HARARE, ZIMBABWE —
Voting for Zimbabwe's elections got underway this week with special early voting by police and security agents. That voting extended to a third day Tuesday - one more than originally scheduled - in what appears to be a violation of the constitution. The prime minister’s party says it will go to court in an effort to have the votes nullified.
The development prompted Prime Minister Morgan Tsvangirai’s Movement for Democratic Change [MDC] party to say it has lost faith in the Zimbabwe Electoral Commission [ZEC].
Finance Minister Tendai Biti, a senior official of the MDC, said he was taking ZEC to court over the extension.
“We have lost institutional faith in ZEC, despite our strong respect for individuals in it," said Biti. "We feel that the junta has taken over this process.
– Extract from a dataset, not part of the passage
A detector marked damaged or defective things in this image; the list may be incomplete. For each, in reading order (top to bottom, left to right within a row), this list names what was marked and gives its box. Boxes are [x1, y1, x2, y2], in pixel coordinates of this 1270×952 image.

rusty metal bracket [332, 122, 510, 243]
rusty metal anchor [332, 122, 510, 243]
ZEC is no longer in charge. There were 209 special polling stations across the country trying to service about 70,000 people. In three days they failed to do that."
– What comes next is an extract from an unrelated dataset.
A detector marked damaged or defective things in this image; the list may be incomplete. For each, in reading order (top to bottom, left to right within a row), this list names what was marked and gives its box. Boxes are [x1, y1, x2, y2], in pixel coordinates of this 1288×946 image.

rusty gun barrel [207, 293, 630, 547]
The prime minister’s party also argues that ZEC inflated the number of security agents in order to rig the elections for President Robert Mugabe's ZANU-PF party.
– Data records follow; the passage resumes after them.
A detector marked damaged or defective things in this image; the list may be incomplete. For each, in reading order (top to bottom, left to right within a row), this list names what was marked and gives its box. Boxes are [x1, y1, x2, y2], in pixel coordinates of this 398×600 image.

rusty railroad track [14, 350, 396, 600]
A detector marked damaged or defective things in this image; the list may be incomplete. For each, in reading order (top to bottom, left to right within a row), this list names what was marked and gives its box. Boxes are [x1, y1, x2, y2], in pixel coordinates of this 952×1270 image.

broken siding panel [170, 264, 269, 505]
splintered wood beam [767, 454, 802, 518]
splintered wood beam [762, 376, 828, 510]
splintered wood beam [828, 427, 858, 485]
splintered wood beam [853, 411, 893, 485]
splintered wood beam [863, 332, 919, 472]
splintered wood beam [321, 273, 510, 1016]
The early voting is meant for security forces who will be working on the day when the population of Zimbabwe votes, July 31.
On Wednesday, Zimbabwe’s high court will hear an appeal from the MDC to have these early votes nullified.
Even before this controversy, the elections appeared beset by trouble. Last week, Biti warned that Zimbabwe was about $90 million short in election funding.
The elections, if they go through, are expected to end the power-sharing government formed by Mugabe and Tsvangirai after the violent and disputed 2008 elections.